REACHING FOR RECOVERY - (PUTTING DOWN THE DRINK) Part 8


What happened in the course of the next few weeks was a pure demonstration of God working in my life through this new friendship. My friend gave me so much of the support I badly needed. I, in turn, became a significant person in helping him with his own coming-out process after he had spent so many years in the closet.

Meanwhile I began to have some conflicts on my job as a social worker. I was becoming more assertive and that rocked the boat. I was also confused and hurt that many of my formerly friendly colleagues seemed to be keeping a cool distance from me. When I approached my supervisor to tell her I was in recovery from alcohol and thought I might need to go to a rehab, all hell broke lose.

She went into a rage and she yelled at me, “I'm sick and tired of hearing about your personal problems!” She showed me no sympathy and seemingly turned me into her personal scapegoat for the next month.
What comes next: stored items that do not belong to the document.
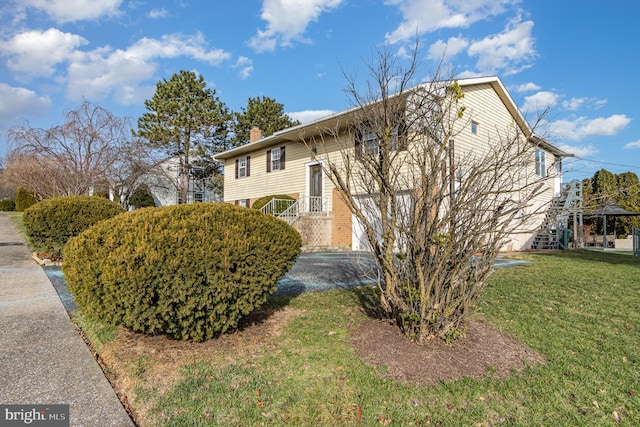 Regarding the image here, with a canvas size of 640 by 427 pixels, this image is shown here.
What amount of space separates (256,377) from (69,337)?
2296mm

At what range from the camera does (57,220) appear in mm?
7879

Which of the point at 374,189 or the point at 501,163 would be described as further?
the point at 374,189

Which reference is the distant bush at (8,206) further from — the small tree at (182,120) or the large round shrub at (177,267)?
the large round shrub at (177,267)

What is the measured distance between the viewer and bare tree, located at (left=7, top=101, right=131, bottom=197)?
42.8 ft

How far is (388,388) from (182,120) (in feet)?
84.2

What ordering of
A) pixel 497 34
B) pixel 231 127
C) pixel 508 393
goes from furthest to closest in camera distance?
pixel 231 127 → pixel 497 34 → pixel 508 393

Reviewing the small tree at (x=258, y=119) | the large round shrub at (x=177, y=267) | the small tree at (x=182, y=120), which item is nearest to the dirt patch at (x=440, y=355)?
the large round shrub at (x=177, y=267)

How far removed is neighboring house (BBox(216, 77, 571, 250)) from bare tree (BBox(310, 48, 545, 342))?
670cm

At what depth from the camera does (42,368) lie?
3.06 m

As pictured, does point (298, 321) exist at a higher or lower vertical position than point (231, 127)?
lower

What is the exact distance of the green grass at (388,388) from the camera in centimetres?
246

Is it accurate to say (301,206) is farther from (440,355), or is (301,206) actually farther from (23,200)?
(23,200)

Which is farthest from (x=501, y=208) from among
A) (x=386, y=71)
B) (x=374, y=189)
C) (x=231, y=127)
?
(x=231, y=127)

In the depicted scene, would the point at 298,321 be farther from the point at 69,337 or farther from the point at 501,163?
the point at 501,163
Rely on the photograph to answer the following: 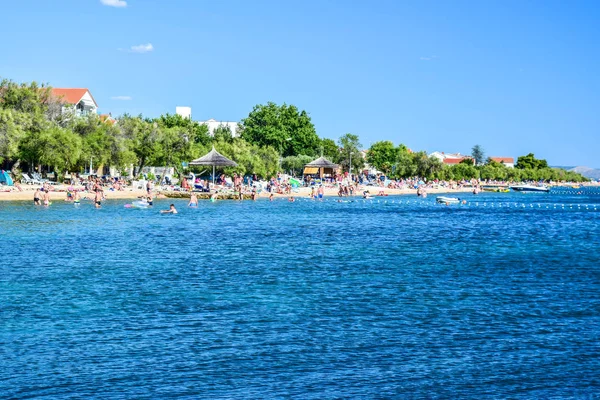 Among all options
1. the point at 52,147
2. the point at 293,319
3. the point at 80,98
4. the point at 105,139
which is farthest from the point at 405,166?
the point at 293,319

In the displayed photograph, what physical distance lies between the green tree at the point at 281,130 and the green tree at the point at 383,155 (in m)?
22.5

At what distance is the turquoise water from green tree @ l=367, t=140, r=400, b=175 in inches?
5044

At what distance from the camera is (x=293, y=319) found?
19609 mm

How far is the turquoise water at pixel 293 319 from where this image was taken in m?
14.4

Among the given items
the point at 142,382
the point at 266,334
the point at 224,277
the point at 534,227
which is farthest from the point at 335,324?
the point at 534,227

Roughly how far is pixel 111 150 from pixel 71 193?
13.7 metres

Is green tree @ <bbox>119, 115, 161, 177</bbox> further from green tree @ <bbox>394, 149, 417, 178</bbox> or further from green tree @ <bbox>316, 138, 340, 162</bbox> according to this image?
green tree @ <bbox>394, 149, 417, 178</bbox>

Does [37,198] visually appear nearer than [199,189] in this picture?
Yes

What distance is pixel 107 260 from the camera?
104 ft

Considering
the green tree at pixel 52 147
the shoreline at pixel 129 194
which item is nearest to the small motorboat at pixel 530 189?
the shoreline at pixel 129 194

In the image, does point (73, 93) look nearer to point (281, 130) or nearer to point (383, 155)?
point (281, 130)

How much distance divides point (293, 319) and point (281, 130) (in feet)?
408

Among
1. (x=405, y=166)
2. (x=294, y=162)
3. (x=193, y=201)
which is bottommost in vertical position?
(x=193, y=201)

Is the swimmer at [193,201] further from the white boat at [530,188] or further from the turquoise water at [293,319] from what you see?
the white boat at [530,188] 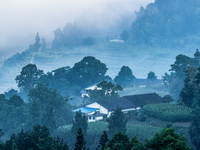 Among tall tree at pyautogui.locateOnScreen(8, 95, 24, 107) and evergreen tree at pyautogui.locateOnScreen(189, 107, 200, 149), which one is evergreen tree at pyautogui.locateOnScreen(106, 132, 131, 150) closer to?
evergreen tree at pyautogui.locateOnScreen(189, 107, 200, 149)

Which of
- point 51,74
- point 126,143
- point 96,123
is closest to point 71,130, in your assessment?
point 96,123

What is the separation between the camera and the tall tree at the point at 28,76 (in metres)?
125

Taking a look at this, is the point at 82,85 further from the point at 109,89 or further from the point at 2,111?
the point at 2,111

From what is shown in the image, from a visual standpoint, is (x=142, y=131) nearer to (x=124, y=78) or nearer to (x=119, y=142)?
(x=119, y=142)

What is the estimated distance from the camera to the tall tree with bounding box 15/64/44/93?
4904 inches

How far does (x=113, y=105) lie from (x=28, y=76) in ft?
168

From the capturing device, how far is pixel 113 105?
8331 centimetres

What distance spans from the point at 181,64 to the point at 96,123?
4888cm

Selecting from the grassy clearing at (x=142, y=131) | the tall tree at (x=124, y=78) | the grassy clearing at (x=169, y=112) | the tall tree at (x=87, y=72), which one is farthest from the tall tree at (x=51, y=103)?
the tall tree at (x=124, y=78)

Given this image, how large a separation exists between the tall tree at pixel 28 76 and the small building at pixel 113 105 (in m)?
42.9

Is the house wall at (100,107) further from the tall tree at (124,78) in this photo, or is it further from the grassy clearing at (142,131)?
the tall tree at (124,78)

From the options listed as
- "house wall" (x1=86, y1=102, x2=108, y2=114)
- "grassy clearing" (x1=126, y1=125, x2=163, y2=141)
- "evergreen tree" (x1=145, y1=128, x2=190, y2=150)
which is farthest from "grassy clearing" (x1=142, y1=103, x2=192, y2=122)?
"evergreen tree" (x1=145, y1=128, x2=190, y2=150)

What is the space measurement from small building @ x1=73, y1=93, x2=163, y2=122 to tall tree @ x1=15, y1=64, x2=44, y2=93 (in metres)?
→ 42.9

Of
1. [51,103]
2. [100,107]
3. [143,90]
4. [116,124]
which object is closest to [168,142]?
[116,124] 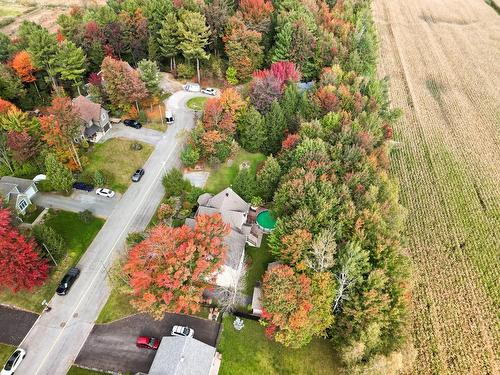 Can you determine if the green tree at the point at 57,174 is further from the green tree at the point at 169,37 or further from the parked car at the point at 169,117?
the green tree at the point at 169,37

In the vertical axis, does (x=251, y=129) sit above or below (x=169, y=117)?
above

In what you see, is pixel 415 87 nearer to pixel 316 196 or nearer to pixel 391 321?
pixel 316 196

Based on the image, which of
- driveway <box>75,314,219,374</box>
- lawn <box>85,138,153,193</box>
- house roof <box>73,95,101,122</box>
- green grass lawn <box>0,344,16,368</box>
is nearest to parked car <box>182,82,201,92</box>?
lawn <box>85,138,153,193</box>

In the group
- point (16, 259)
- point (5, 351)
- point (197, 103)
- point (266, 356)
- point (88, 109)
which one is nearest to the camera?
point (16, 259)

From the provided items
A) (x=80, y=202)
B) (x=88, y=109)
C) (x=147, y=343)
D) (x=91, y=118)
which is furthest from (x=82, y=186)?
(x=147, y=343)

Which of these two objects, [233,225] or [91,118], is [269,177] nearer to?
[233,225] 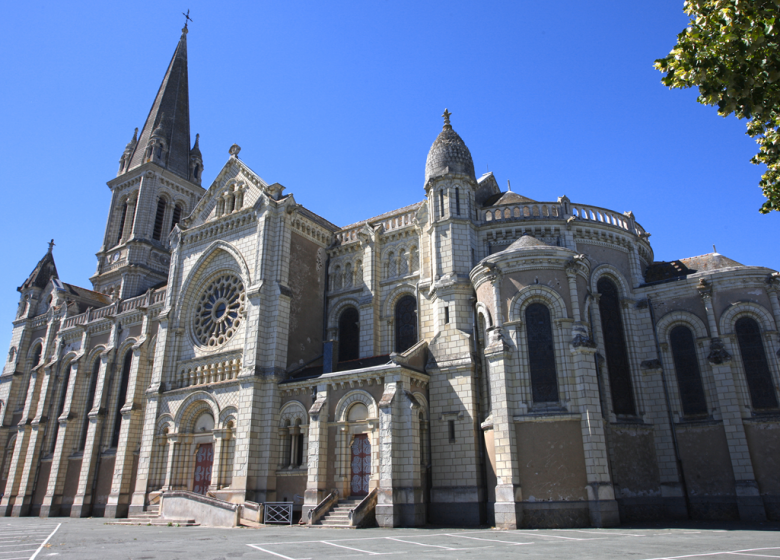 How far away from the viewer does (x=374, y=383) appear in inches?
883

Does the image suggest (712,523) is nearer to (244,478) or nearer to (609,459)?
(609,459)

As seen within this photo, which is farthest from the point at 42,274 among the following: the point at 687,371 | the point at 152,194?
the point at 687,371

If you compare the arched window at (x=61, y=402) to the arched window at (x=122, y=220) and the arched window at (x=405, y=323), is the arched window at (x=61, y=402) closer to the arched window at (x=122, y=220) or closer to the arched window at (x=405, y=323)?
the arched window at (x=122, y=220)

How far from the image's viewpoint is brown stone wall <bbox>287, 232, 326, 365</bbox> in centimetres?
2753

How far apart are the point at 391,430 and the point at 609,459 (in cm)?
821

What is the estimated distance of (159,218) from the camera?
1857 inches

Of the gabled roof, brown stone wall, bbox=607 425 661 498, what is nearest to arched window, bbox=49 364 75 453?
the gabled roof

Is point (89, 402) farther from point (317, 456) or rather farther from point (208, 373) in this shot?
point (317, 456)

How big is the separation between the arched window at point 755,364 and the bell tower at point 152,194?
37751 millimetres

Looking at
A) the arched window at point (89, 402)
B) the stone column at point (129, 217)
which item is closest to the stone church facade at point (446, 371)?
the arched window at point (89, 402)

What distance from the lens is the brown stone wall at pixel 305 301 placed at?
27531 millimetres

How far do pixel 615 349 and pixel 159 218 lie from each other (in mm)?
38309

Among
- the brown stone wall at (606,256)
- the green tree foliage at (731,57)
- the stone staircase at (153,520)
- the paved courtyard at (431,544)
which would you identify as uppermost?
the brown stone wall at (606,256)

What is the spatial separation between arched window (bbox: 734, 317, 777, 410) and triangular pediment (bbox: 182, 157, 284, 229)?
73.2 ft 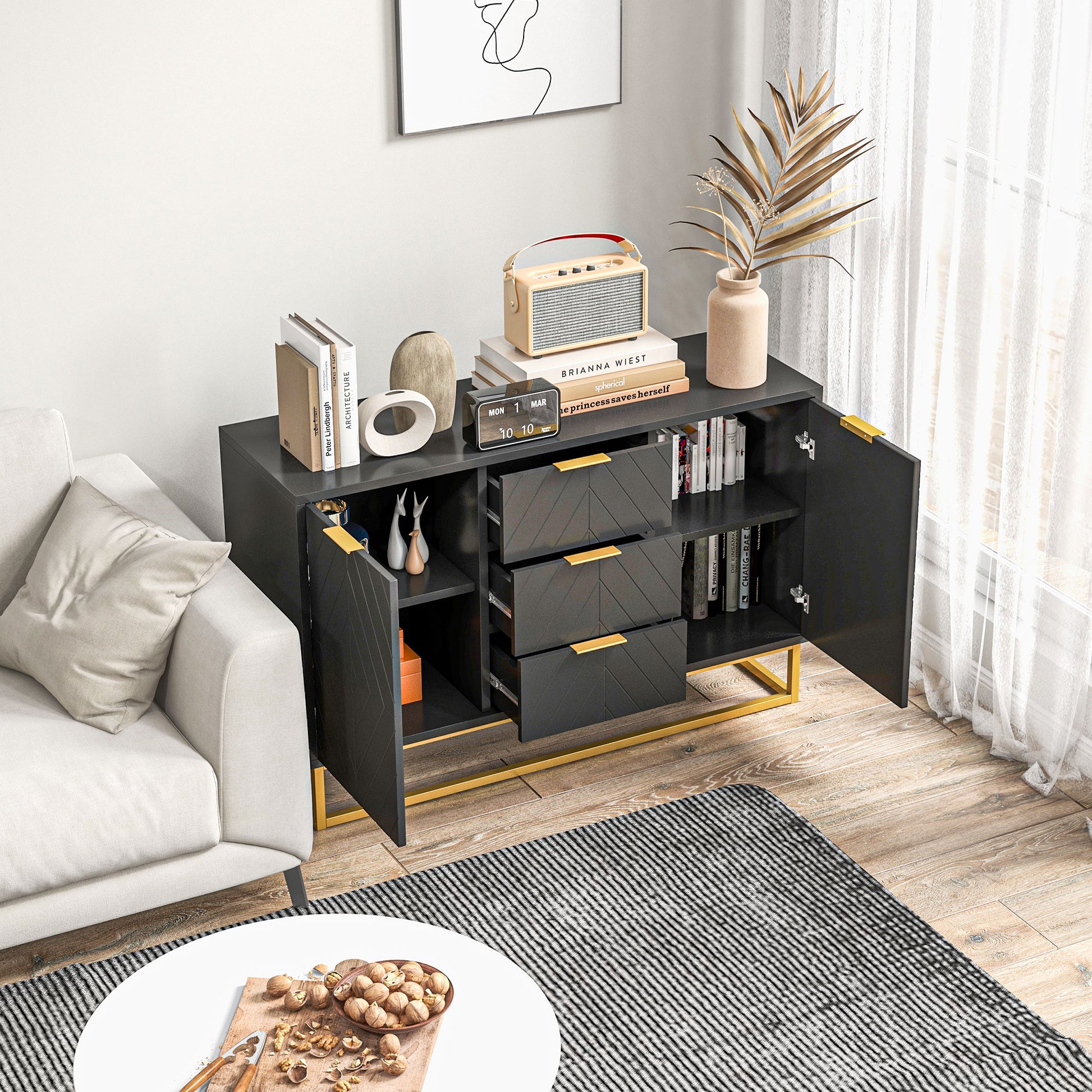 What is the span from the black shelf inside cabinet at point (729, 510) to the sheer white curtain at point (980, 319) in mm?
324

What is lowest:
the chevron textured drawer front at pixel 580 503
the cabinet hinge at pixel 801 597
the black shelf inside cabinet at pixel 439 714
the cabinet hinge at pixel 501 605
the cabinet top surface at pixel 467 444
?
the black shelf inside cabinet at pixel 439 714

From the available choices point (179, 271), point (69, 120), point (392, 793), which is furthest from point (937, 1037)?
point (69, 120)

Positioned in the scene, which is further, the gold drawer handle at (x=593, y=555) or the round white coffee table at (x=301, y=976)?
the gold drawer handle at (x=593, y=555)

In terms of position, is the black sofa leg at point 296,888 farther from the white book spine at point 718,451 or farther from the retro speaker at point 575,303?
the white book spine at point 718,451

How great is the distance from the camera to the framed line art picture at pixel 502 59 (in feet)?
10.1

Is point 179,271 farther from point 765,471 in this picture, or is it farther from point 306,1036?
point 306,1036

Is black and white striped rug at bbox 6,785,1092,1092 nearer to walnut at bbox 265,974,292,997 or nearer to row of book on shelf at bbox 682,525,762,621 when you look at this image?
row of book on shelf at bbox 682,525,762,621

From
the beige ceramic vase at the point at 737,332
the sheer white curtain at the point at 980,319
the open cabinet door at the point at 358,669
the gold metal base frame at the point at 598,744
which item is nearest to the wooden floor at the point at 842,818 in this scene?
the gold metal base frame at the point at 598,744

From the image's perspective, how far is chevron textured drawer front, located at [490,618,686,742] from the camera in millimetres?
2961

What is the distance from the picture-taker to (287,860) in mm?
2719

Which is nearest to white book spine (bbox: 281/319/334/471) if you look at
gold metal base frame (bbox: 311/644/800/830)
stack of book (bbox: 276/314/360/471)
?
stack of book (bbox: 276/314/360/471)

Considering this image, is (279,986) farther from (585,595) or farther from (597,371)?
(597,371)

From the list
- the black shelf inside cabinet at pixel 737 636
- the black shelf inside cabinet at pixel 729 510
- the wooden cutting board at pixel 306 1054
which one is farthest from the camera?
the black shelf inside cabinet at pixel 737 636

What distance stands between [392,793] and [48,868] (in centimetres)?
57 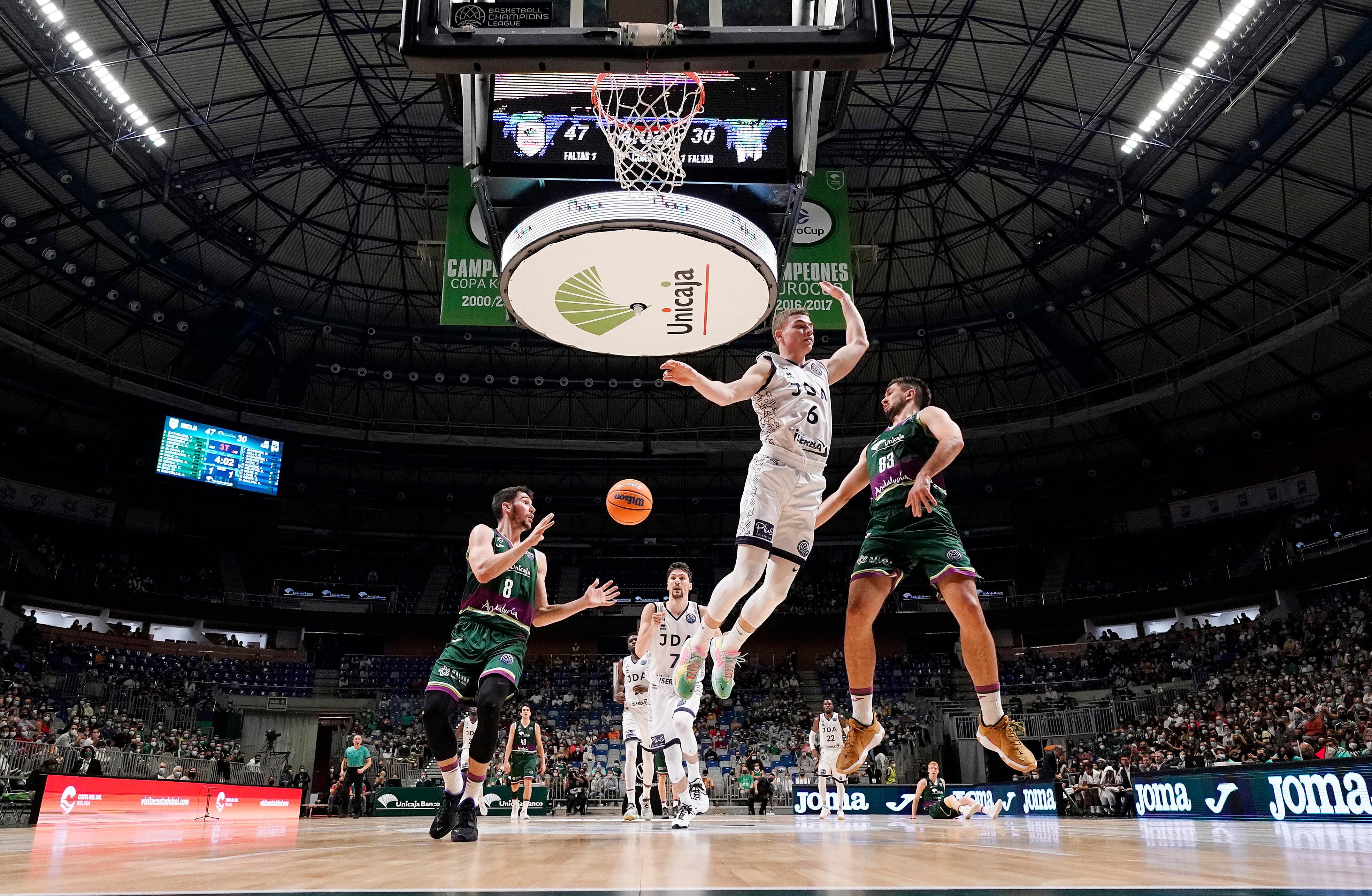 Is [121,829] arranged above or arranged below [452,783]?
below

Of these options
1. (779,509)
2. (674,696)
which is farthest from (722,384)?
(674,696)

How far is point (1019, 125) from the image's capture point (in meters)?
21.7

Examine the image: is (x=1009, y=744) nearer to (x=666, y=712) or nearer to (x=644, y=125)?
(x=666, y=712)

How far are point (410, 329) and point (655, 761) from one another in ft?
63.2

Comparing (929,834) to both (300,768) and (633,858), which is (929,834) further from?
(300,768)

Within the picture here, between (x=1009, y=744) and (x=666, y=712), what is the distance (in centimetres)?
565

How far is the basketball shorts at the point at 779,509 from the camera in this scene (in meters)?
6.04

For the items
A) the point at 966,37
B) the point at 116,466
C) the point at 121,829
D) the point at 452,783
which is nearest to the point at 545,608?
the point at 452,783

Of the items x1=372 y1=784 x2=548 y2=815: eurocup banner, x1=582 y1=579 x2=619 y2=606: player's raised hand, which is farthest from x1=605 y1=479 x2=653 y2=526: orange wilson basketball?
x1=372 y1=784 x2=548 y2=815: eurocup banner

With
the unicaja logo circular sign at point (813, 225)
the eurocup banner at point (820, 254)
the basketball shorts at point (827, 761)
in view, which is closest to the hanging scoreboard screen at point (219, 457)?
the eurocup banner at point (820, 254)

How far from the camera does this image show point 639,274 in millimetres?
13008

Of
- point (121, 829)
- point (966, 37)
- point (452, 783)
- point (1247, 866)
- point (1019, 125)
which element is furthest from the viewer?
point (1019, 125)

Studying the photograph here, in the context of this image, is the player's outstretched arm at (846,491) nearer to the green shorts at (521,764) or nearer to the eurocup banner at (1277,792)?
the green shorts at (521,764)

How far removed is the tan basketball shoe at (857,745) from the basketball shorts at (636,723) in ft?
27.0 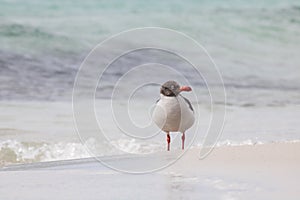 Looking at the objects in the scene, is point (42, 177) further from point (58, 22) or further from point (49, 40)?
point (58, 22)

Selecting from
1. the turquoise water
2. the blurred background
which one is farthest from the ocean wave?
the turquoise water

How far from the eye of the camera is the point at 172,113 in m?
4.72

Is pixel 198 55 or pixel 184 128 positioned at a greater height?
pixel 198 55

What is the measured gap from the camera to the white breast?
471 centimetres

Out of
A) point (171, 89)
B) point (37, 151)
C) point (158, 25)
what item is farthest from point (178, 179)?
point (158, 25)

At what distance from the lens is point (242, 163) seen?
421cm

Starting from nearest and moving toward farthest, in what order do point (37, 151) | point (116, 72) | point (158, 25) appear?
point (37, 151), point (116, 72), point (158, 25)

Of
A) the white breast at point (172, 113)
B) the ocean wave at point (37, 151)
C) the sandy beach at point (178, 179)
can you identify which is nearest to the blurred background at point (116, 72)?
the ocean wave at point (37, 151)

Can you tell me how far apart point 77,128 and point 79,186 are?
7.21ft

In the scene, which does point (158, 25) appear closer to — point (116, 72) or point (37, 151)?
point (116, 72)

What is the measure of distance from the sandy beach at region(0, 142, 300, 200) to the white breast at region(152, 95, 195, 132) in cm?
29

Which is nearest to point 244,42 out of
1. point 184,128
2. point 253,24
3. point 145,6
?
point 253,24

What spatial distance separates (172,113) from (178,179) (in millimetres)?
917

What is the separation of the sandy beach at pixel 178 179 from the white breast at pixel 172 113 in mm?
285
I'm not really sure what I might have done to provoke the situation, but what ensued played out my history of allowing myself to be a victim.

What I did next undoubtedly exacerbated the situation. I went three levels above her head, appealing to our kind deputy commissioner. She acted as mediator between my supervisor and myself, serving as surrogate supervisor to me during that period of early recovery.

Granted, my own supervisor undoubtedly had cause to take issue with my work at the time. I'd gotten way behind in my paperwork - those endless client assessments, times forty. I also imagine that my second requested leave of absence within my first fifteen months on the job didn't make her life any easier. (I'd had to take an earlier medical leave following a suicide attempt.)

There was another bizarre work-related twist that happened during my first week of recovery. One morning, as I was approaching my workplace, I encountered one of my schizophrenic clients. This was a woman who, in my experience, had always been totally out of touch with reality. She never called me by name and she rarely even said anything at all.

That day she caught me off-guard. In spite of her disheveled appearance, she approached me on the street as if I were an old friend. She appeared to be mentally clear as a bell when she actually spoke to me! She called me by name when she said, “Mister, you seem to be getting better!”

Wow! I felt as if I had entered an episode of the twilight zone. While my supposedly sane supervisor would literally yell at me when I was in the office, surrounded by my colleagues, this supposedly insane client behaved appropriately and could discern I was on the road to wellness.